What is expected: Output exactly the lines from the one with "TV connectée, cheminée, livres, imprimantes" to the close of the records below, first and last included.

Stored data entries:

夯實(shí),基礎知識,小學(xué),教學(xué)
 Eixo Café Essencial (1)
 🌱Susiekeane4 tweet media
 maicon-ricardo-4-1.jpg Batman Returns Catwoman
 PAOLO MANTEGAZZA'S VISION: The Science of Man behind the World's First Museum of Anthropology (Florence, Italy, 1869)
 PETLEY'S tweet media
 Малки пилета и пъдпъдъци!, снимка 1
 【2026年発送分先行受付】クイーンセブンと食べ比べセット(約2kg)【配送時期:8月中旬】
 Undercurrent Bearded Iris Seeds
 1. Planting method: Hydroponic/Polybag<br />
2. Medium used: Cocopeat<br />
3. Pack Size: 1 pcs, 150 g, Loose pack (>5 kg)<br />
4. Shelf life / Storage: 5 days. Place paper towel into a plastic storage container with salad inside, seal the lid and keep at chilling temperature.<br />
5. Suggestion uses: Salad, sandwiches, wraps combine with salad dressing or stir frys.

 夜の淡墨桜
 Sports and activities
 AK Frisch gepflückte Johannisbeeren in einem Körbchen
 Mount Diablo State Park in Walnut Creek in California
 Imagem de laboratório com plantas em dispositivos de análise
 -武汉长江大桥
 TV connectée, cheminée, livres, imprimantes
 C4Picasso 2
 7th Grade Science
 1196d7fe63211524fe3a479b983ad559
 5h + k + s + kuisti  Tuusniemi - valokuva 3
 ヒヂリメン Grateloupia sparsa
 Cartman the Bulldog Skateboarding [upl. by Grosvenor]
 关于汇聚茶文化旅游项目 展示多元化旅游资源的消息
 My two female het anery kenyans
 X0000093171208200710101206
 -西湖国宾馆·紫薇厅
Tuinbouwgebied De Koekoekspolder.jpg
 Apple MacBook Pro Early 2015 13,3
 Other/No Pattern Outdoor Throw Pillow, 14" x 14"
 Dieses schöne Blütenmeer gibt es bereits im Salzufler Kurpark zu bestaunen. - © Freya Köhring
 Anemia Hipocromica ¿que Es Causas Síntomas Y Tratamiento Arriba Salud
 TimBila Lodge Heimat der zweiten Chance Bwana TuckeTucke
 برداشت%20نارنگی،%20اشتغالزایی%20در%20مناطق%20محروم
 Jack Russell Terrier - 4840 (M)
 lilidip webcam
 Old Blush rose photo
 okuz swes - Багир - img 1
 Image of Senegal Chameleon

Answer to this task:
 TV connectée, cheminée, livres, imprimantes
 C4Picasso 2
 7th Grade Science
 1196d7fe63211524fe3a479b983ad559
 5h + k + s + kuisti  Tuusniemi - valokuva 3
 ヒヂリメン Grateloupia sparsa
 Cartman the Bulldog Skateboarding [upl. by Grosvenor]
 关于汇聚茶文化旅游项目 展示多元化旅游资源的消息
 My two female het anery kenyans
 X0000093171208200710101206
 -西湖国宾馆·紫薇厅
Tuinbouwgebied De Koekoekspolder.jpg
 Apple MacBook Pro Early 2015 13,3
 Other/No Pattern Outdoor Throw Pillow, 14" x 14"
 Dieses schöne Blütenmeer gibt es bereits im Salzufler Kurpark zu bestaunen. - © Freya Köhring
 Anemia Hipocromica ¿que Es Causas Síntomas Y Tratamiento Arriba Salud
 TimBila Lodge Heimat der zweiten Chance Bwana TuckeTucke
 برداشت%20نارنگی،%20اشتغالزایی%20در%20مناطق%20محروم
 Jack Russell Terrier - 4840 (M)
 lilidip webcam
 Old Blush rose photo
 okuz swes - Багир - img 1
 Image of Senegal Chameleon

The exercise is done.